SIKLUS KEKERASAN SEKSUAL
Fakta yang menarik, para pelaku kekerasan seksual (sexual harrasers) adalah orang – orang yang dekat dengan korban/ dikenal oleh korban seperti: Orang tua, kerabat, tetangga, guru, teman dll. Mayoritas pelaku adalah pihak – pihak yang lebih superior (lebih memiliki kuasa) didepan korban.
Kasandra pun menjelaskan siklus kekerasan seksual, adalah sebagai berikut:
  1. Tertarik, mengembangkan hubungan
  2. Mulai ‘tampil lebih asli’, muncul konflik dan ketegangan
  3. Ledakan kekerasan
  4. Ketegangan mereda. Korban terkejut dan mencoba memaknai apa yang terjadi. Pelaku bersikap ‘baik’, minta maaf, manis
  5. Korban merasa ‘berdosa’ (bila tidak memaafkan), menjadi pemicu kejadian, mengembangkan harapan
  6. Periode tenang tidak dapat bertahan.
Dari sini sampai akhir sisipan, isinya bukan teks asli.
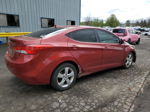 2013 Hyundai Elantra Gls Красный vin: 5NPDH4AE4DH387303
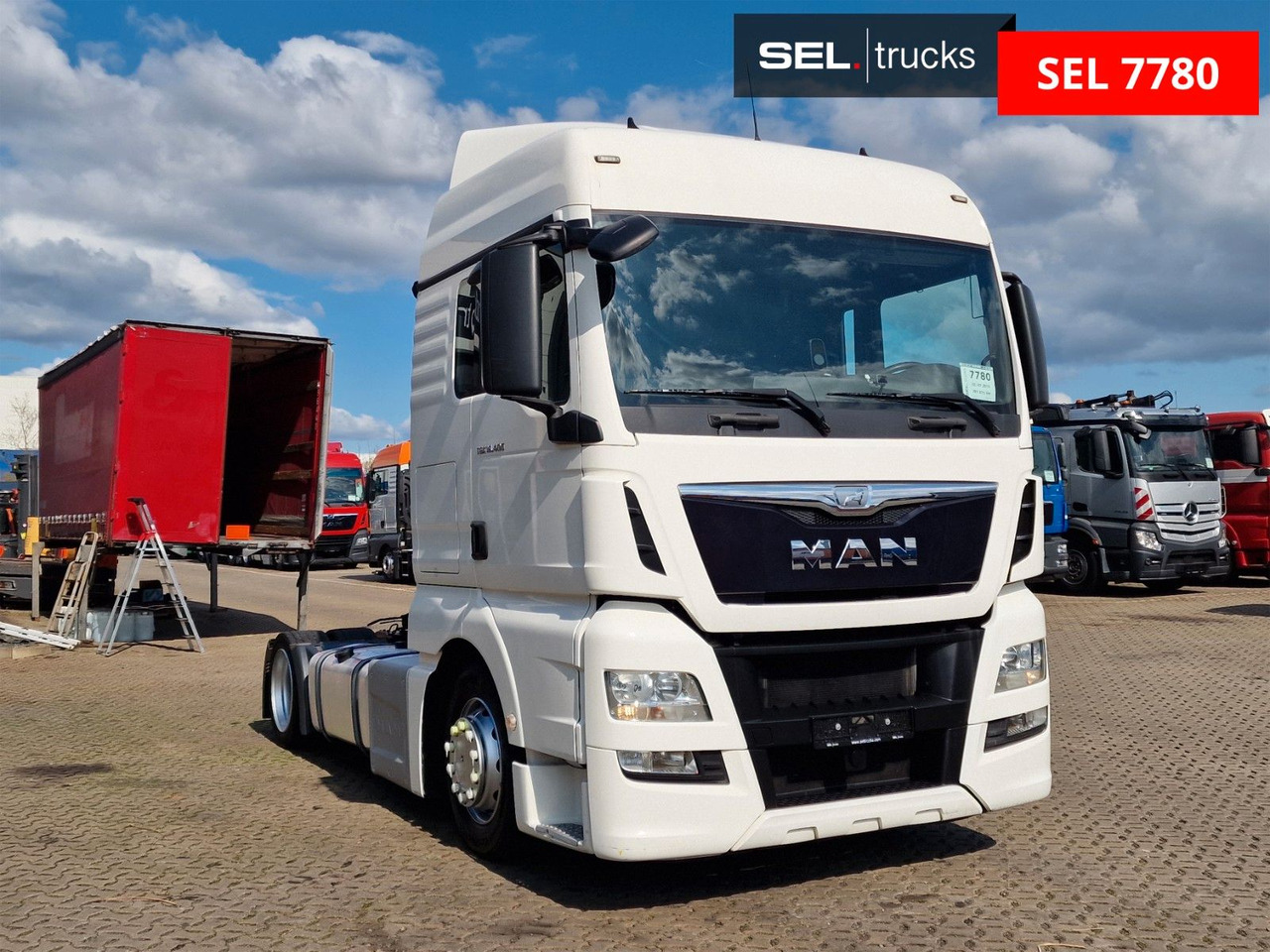 MAN TGX 18.400 4X2 LLS-U / HUBKUPPLUNG - 牵引车:图3 MAN TGX 18.400 4X2 LLS-U / HUBKUPPLUNG - 牵引车:图3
Kembali muncul konflik dan ketegangan, disusul ledakan kekerasan lagi, dst
  7. Korban ‘terperangkap’
  8. Bila tidak ada intervensi khusus (internal, eksternal) bisa terus berputar dengan perguliran makin cepat, dengan kekerasan makin intens
  9. Sangat destruktif secara psikologis (dan mungkin juga fisik)
  10. Dpt tampil dlm hubungan pacaran, dengan teman, kekerasan oleh orangtua/ wali/ orang dewasa yang dikenal baik apalagi yang punya kekuasaan atas korban
KORBAN KEKERASAN SEKSUAL
Narasi dan data kekerasan berbasis gender menempatkan perempuan sebagai mayoritas korbannya –mayoritas di dalamnya adalah perempuan remaja. Walaupun banyak kasus yang terjadi, namun –analog dengan gunung es, wujud utuh fenomena ini tidak pernah diketahui karena banyak korban yang memilih untuk menutup diri atau tidak melapor atas kekerasan yang dialaminya.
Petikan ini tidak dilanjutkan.